I'll be maintaining foo_pd at https://github.com/myQwil/foo_pd where you can also find the latest builds
Cool object. This is a late response but I was checking out your code and wound up making a bunch of changes to it to address 3 bugs I found:
- 1 - [n! ] doesn't instantiate on its own. it needs a prior instantiation of [factorial] to load. Normally to fix that, what you'd do is make a copy of the binary and rename it to n!.pd_darwin, but there still needs to be a setup function with the object's name in it, or a function that's just called "setup", which you should probably try to avoid just because it's not very self-documenting.
- 2 - It doesn't successfully find the help file. Pd automatically adds "-help" or "-help.pd" on its own. It also automatically creates a help file reference. The sethelpsymbol function is pretty much only good for when you have multiple objects of different classes that need to refer to a common help file.
- 3 - It freezes and sometimes crashes pd if it's fed a really big number, because it'll start looping endlessly..
Performs binop arithmetic with 2 hot (active) inlets, which means that the usage of either inlet will trigger an output. Some of the objects require the hexloader library to load properly.
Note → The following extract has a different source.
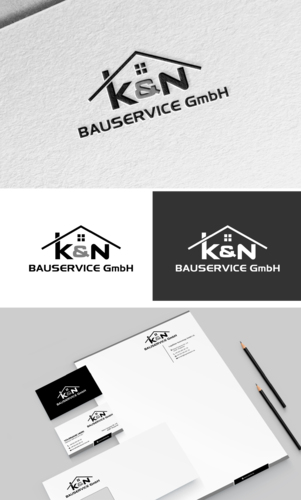 Corporate-Design für Bauservice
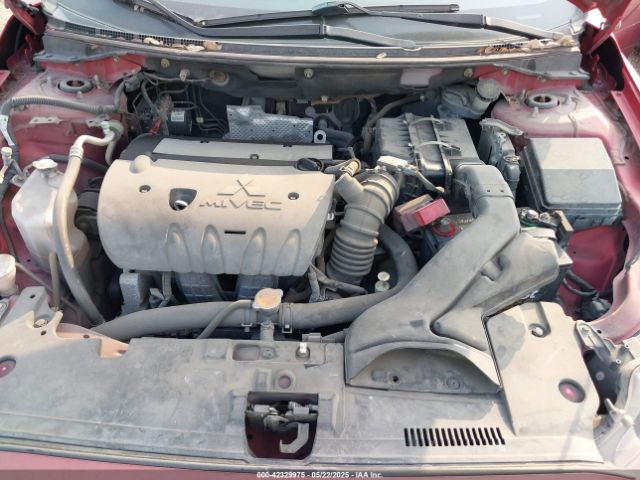2012 MITSUBISHI LANCER JA32U2FU2CU022712 Photo 9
The naming convention is a # symbol, followed by the expression.
examples: [#+ ] [#- ] [#== ] [#!= ] [#&& ] [#|| ] etc.
The collection is based on the binop objects found in x_arithmetic.c. This includes:
binops 1: +, -, *, /, pow, max, min
binops 2: ==, !=, >, <, >=, <=
binops 3: &, |, &&, ||, <<, >>, %, mod, div
Performs binop arithmetic with the inlets having switched roles. Some objects require the hexloader library.
The naming convention is an @ symbol, followed by the expression.
examples: [@- ] [@/ ] [@pow ] [@<< ] etc.
The collection consists of binop objects where the swapping of inlets would have a noticeable difference in results. These include:
-, /, pow, <<, >>, %, mod, div
Consists of two bitwise objects to perform bitwise negation [!~ ] and XOR ([^ ] and [#^ ]). Bitwise negation has another alias of [~ ] but it will not load unless [!~ ] is loaded first, or if the object is placed in pd/extra/!~ and "!~" is added to your list of libraries.
splits and joins the sign, exponent, and mantissa of a float
accepts bangs and floats
accepts 1 creation argument for assigning the stored value
has 1 extra inlet for assigning the stored value
outputs the sign, exponent, and mantissa of the stored float
accepts bangs and floats (mantissa is assigned the float)
accepts 3 creation arguments for assigning the mantissa, exponent, and sign
has 3 extra inlets for assigning these values
outputs a float by combining these values together
help file included
A number base converter that accepts 1 creation argument to specify which number base to convert to. If nothing is specified, or the number is out of range (1-64), it defaults to 16. The converted number is sent in the form of a symbol type. Much of the code is based on the musl library's vfprintf function.
The symbol array is as follows:
"0123456789abcdef" "ghijkmnopqrstuvw" "xyzACDEFGHJKLMNP" "QRTUVWXYZ?!@#%^&"
Some letters were taken out for looking too similar to numbers or other letters.